Furthermore, operating leverage from increased sales and strong payments volumes could cushion its earnings and, in turn, its dividend payouts.
Lightspeed
Lightspeed (TSX:LSPD)(NYSE:LSPD) stock is too cheap to ignore at current levels. It has dropped over 79% from its 52-week high, providing investors a solid opportunity to buy this dip. Lightspeed’s long-term fundamentals remain intact. Also, its multiple catalysts augur well for growth.
I expect Lightspeed to capitalize on the ongoing shift towards digital. Meanwhile, higher demand for its products, innovation, acquisitions, higher average revenue per user, and expansion into high-growth verticals and markets will likely accelerate its growth and lead to a recovery in its price.
Nuvei
The selling in tech stocks and a short-seller report lead to a massive selling in Nuvei (TSX:NVEI)(NASDAQ:NVEI) stock. To be precise, Nuvei stock has corrected by more than 61% from its high and is a solid long-term bet at current levels.

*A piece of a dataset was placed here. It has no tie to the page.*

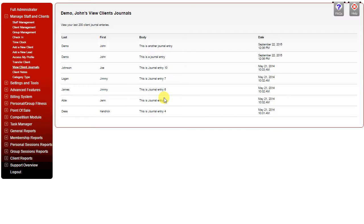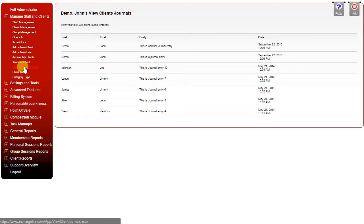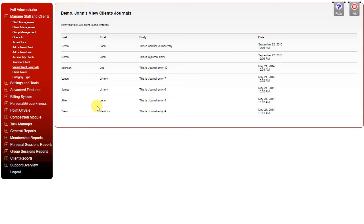The View Client Journals page allows you to see a snapshot of the overall journal entries for all clients in the system. When you're logged in as an administrator, it will show you the last 200 client journal entries, so you can quickly scan and see a summary of those journals in one place.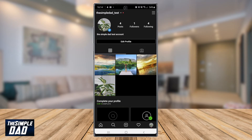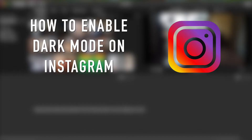Press back twice, or you can press the home icon to go back to your Instagram feed. And that is how to enable dark mode on your Instagram.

It’s worth noting that Nuvei’s management termed the short-seller report misleading and reiterated growth outlook, which is a positive. Further, my bullish view of Nuvei stock is based on the positive momentum in digital payments.
Further, its focus on product innovation, the addition of new customers, high retention rate, and expansion into high-growth verticals like social gaming and e-commerce will likely accelerate its growth rate.
WELL Health
WELL Health Technologies (TSX:WELL) stock has consistently grown its top line at a breakneck pace. Further, it has delivered positive adjusted EBITDA over the past several quarters. Despite its strong performance, WELL Health stock has corrected by more than 57% from its high and is trading cheap.
The significant dip in WELL Health stock provides a good entry point. WELL Health could continue to grow its financials rapidly on the back of acquisitions and expansion into high-growth markets. Further, the ongoing momentum in the underlying business and recurring revenues support my positive outlook.